SNAP Affords Ample Room for Civil Society Organizations
Ryan says that the federal government has “crowded out civil society,” discouraging community-level organizations from engaging in efforts to help the poor.
The report emphatically argues that combating hunger in our country requires the participation of federal programs, as well as a range of local and state-level organizations.
It cites examples of the ways that charitable organizations and federal safety net programs work together, e.g., nonprofit food banks, supported in part by the Emergency Food Assistance Program.
And it quotes testimony from a food bank CEO on the need to keep federal nutrition programs strong so that the dollars from private donations can support innovations.
SNAP Is Not a Hammock
The report embraces the unobjectionable view that work is the best pathway out of poverty. But it cites data showing that nearly two-thirds of SNAP participants can’t be expected to work—because they’re too young, too old or too disabled.
Household-level data do suggest that more of the remaining participants could work, but didn’t during an average month in 2015—or rather, could work if the labor market had enough jobs available and they the skills to qualify.
The report could have veered into time limits at this point. It instead finds two areas where states could improve their programs within the law as-is.
First, some need to do a better job of enforcing SNAP work requirements, it says. The requirements it refers to aren’t those that have caused many thousands of able-bodied adults without dependents to lose their benefits.
They’re applicable to all unemployed adults who aren’t exempt for various reasons, e.g., because they’re responsible for caring for a disabled family member.
These presumptively employable adults must register for work, accept a job if offered and not quit voluntarily without good cause or reduce their working hours below 30 per week. So there’s no penalty if they can’t find a job offering a set minimum number of hours.
The report also strongly suggests that some states — or counties within states — don’t have SNAP employment and training programs, though all receive E&T funds.
“Most,” it says, quoting testimony, “have consisted of a referral to a job search program.” So it’s agencies that need to shape up, not SNAP beneficiaries.
The report provides examples of effective programs and hopefully cites pilots the current Farm Bill is funding.
It strongly implies that effective programs combined with “reasonable requirements, strongly enforced” will suffice to engage SNAP participants in activities leading to gainful employment.
“There is little evidence that harsh provisions are necessary,” it says, again quoting testimony.
On the other hand, the report does suggest that SNAP, combined with other safety net programs can discourage participants from working their way up the income scale because what they gain in pay is offset by what they lose in benefits.
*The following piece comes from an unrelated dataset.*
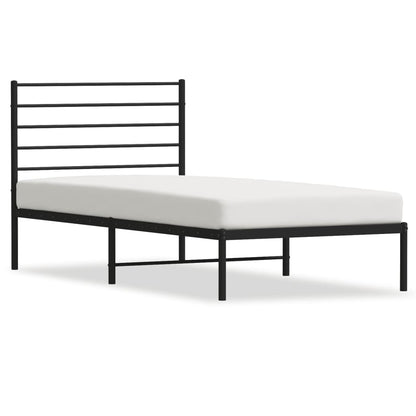 Metal Bed Frame without Mattress with Headboard Black 80x200cm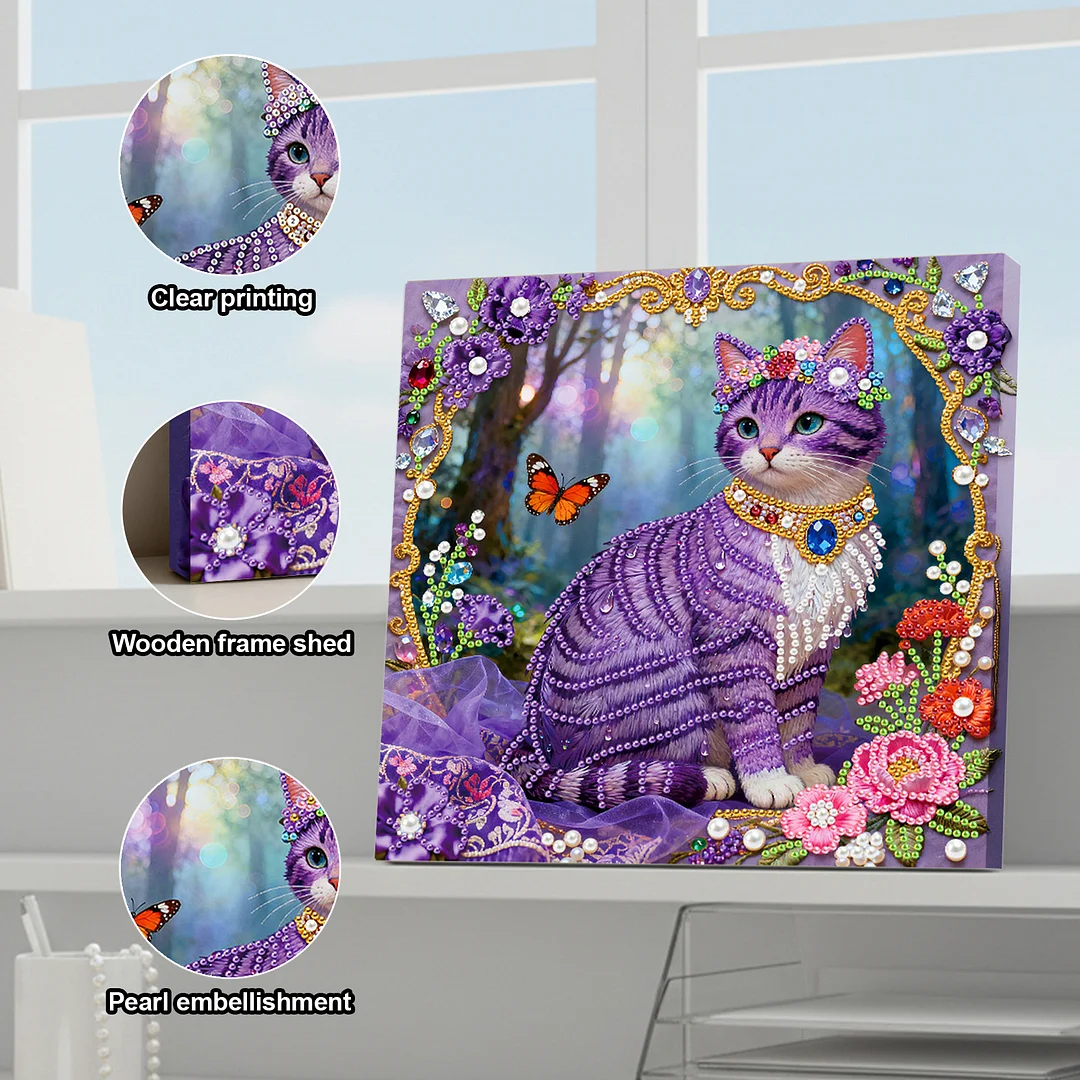 Purple Cat Art Diamond Painting Kit for Adults Home Decor 25x25cm With Frame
To this extent then, it adopts Ryan’s view that the multiplicity of “welfare” programs, each operating under its own rules creates what’s often referred to as a cliff. For him, this proves that they’re a “poverty trap.”
The report instead notes that states may convert the cliff into downward slope by providing transitional SNAP benefits when families leave Temporary Assistance for Needy Families because they’ve found paying work.
And it includes one important data point that argues against the view that SNAP participants choose to remain poor or near-poor rather than lose their benefits. Specifically, most participants remain in the program for, at most, two years.
The Ag Committee Chair clearly aimed to build bridges between his conservative and progressive colleagues in preparation for the next reauthorization of SNAP.
“You will find nothing in this report that suggests gutting SNAP or getting rid of a program that does so much for so many people,” he and the chair of the Nutrition Subcommittee tell us in their prefatory statement.
At least some of us won’t find everything we’d like to have seen. For example, the report touches only tangentially on the adequacy of SNAP benefits, though it includes a section on promoting healthful eating.
But it does, as the statement says, show “there is common ground to be found both in understanding the needs of the population SNAP serves, and in working collaboratively to improve SNAP.”